Another property of allozymes is that they are functional proteins and therefore are not always selectively neutral. This can be both an advantage and a disadvantage. A lack of neutrality can be a disadvantage if a marker is being used to test whether or not populations are genetically distinct from one another. The free-swimming larvae of the American oyster (Crassostrea virginica) can travel relatively long distances if swept along on ocean currents. Populations that are not connected by currents may therefore be genetically distinct from one other, a hypothesis that was tested in a genetic survey of populations located along the Atlantic and Gulf coasts of the USA (Karl and Avise, 1992). A comparison of mtDNA and six anonymous nuclear sequences clearly showed that populations around the Gulf of Mexico were, in fact, genetically distinct from those located along the Atlantic coast, a finding that is consistent with the expectation of very low dispersal between coastlines that are not connected by currents. Variation at six allozyme loci, on the other hand, revealed no genetic differences between the two geographical areas, presumably because natural selection has been maintaining the same alleles in different populations. If the researchers had looked at only allozyme data they probably would have concluded that larvae regularly travelled between the Atlantic and Gulf coasts, a finding that would have been difficult to reconcile with the ocean currents in that region.

On the other hand, a non-neutral marker can be useful if we are looking for evidence of adaptation. Mead's sulphur butterfly Colias meadii showed some interesting patterns of variation in the glycolytic enzyme phosphoglucose isomer-ase (PGI), an enzyme involved in glycolysis, which provides fuel for insect flight (Watt et al., 2003). Because flight ability is related to fitness, the allele that confers the best flight ability should be selected for, and therefore a level of genetic uniformity may be expected at the locus coding for PGI. This prediction was supported only partially by a comparison of PGI alleles from C. meadii that were sampled from lowland (below the tree line) and alpine (above the tree line) habitats in central USA. Populations showed a high level of genetic uniformity over several hundred kilometres within habitats but a marked and abrupt shift in allele frequencies between habitats.
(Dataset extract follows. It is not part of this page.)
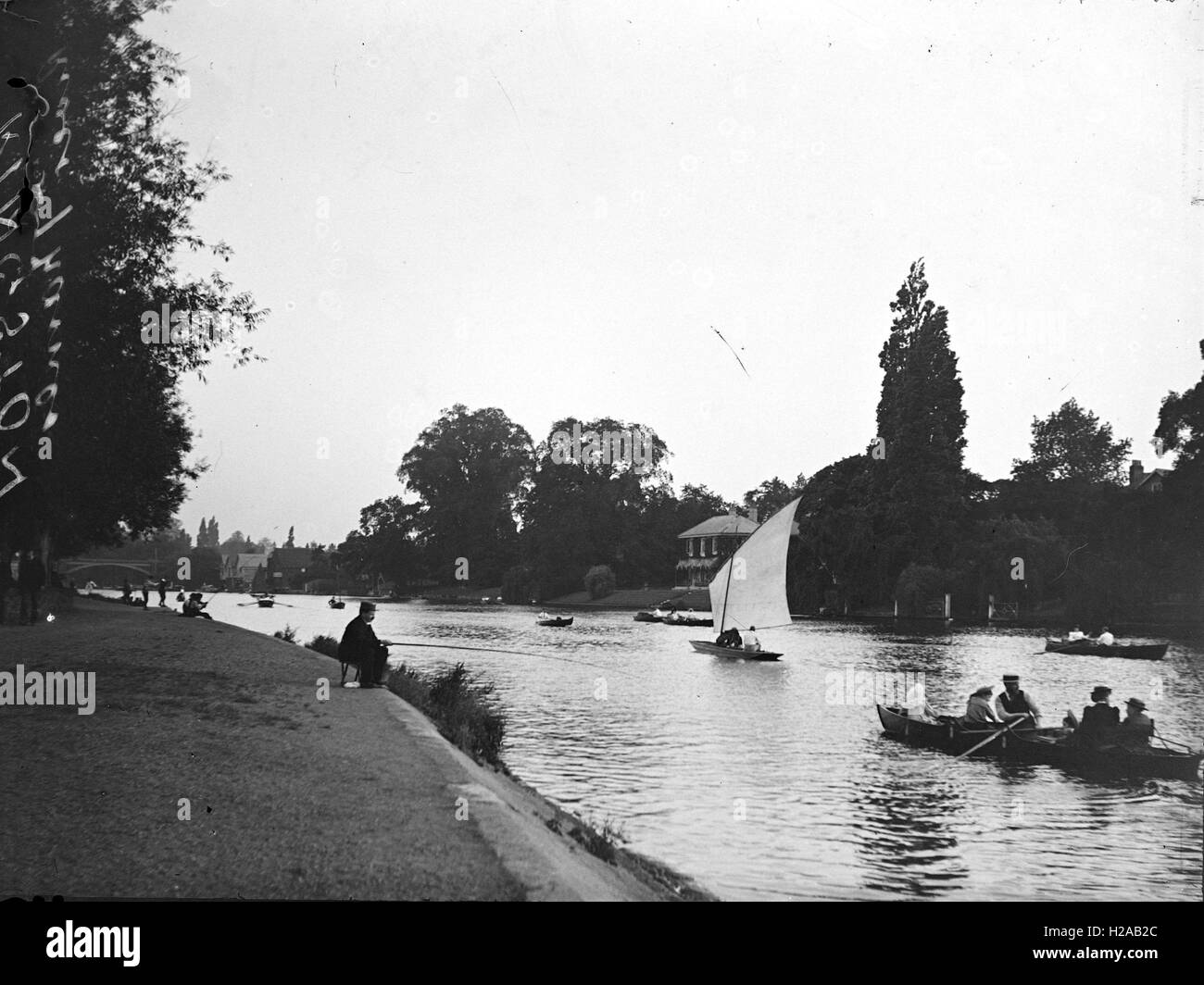 Die Themse bei Kingston, Surrey c1910. Foto von Tony Henshaw Stockfoto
Both of these trends are apparently driven by natural selection. Colias butterflies spend their adult life within a neighbourhood radius that seldom exceeds 1.5 km. These low levels of dispersal mean that genetic uniformity over hundreds of kilometres must be maintained by a selective force, in this case the relationship between PGI alleles and fitness. Selection also explains the contrasting allele frequencies between alpine and lowland habitats. Because the two habitats are delineated by the tree line, they may be expected to have different thermal (and other abiotic) properties. The activity of PGI varies with temperature, and the authors of this study suggest that alternative PGI alleles may be selected for under different thermal regimes (Watt et al., 2003).
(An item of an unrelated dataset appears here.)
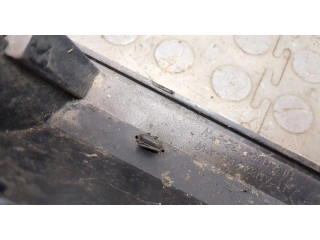 Решетка радиатора  Land Rover Range Rover Sport 2009-2013          AH323138AW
The markers that we will be discussing in the rest of this chapter all target variation in DNA as opposed to proteins. Although allozymes are often subject to selection pressures, DNA markers are more likely to be neutral because they often target relatively variable sequences that, in turn, are less likely to be selectively constrained. However, it is important to bear in mind that not all DNA markers are selectively neutral. In some cases we will specifically discuss non-neutral DNA markers. In other cases neutrality may be assumed, although it is always possible that an apparently non-functional region of DNA is subject to selective pressures that are acting on a genetic region to which it is linked-the so-called hitch-hiking effect (Maynard Smith and Haigh, 1974). A more detailed discussion of genetic markers and natural selection is included in Chapter 4.

Restriction fragment length polymorphisms

The first widespread markers that quantified variation in DNA sequences (as opposed to proteins) were restriction fragment length polymorphism (RFLPs).

RFLP data are generated using restriction enzymes, which cut DNA at short (usually four to six base pairs), specific sequences. Examples of restriction enzymes include AluI, which cuts DNA when it encounters the sequence AGCT, and EcoRV, which cuts in the middle of the sequence GATATC. Digesting purified DNA with one or more restriction enzymes can turn a single piece of DNA into multiple fragments. If two individuals have different distances between two restriction sites, the resulting fragments will be of different lengths. The RFLPs therefore do not survey the entire DNA sequence, but any mutations that add or remove a recognition site for a particular enzyme, or that change the length of sequence between two restriction sites, will be reflected in the sizes and numbers of the fragments that are run out on a gel (Figure 2.5).

g. Allele 1

ra E

Figure 2.5 Three different RFLP genotypes result from sequence differences that affect the restriction enzyme recognition sites (designated as /). At this locus, individuals A and B are homozygous for alleles that have two and three restriction sites, respectively. Individual C is heterozygous, with two restriction sites at one allele and three restriction sites at the other allele. The numbers of bands that would be generated by the RFLP profiles are shown in the resulting gel image

Analysis of RFLPs can be done on either an entire genome (nuclear or organelle) or a specific fragment of DNA. The traditional method involves digesting DNA with one or more enzymes and then running out the fragments on a gel. These are then transferred onto a membrane that is placed in a solution containing multiple single-stranded copies of a particular sequence, all of which have been labelled radioactively or fluorescently (this is known as a probe). The single-stranded probe will hybridize to the bands that contain its complementary sequence, and these bands then can be identified from the radioactive or fluorescent label. The number of bands produced will depend on the region surveyed and the enzyme used. For example, a digestion with AluI produces around 341 bands in tobacco chloroplast DNA, whereas EcoRV produces only 36 bands (Shinozaki et al., 1986). The same enzymes generate approximately 64 bands and three bands, respectively, in human mitochondrial DNA (Anderson et al., 1981). A comparison of the number and sizes of labelled bands among individuals

Individual A Individual B Individual C







provides an estimate of overall genetic similarity. This method is useful for screening relatively large amounts of DNA but is fairly cumbersome and time-consuming.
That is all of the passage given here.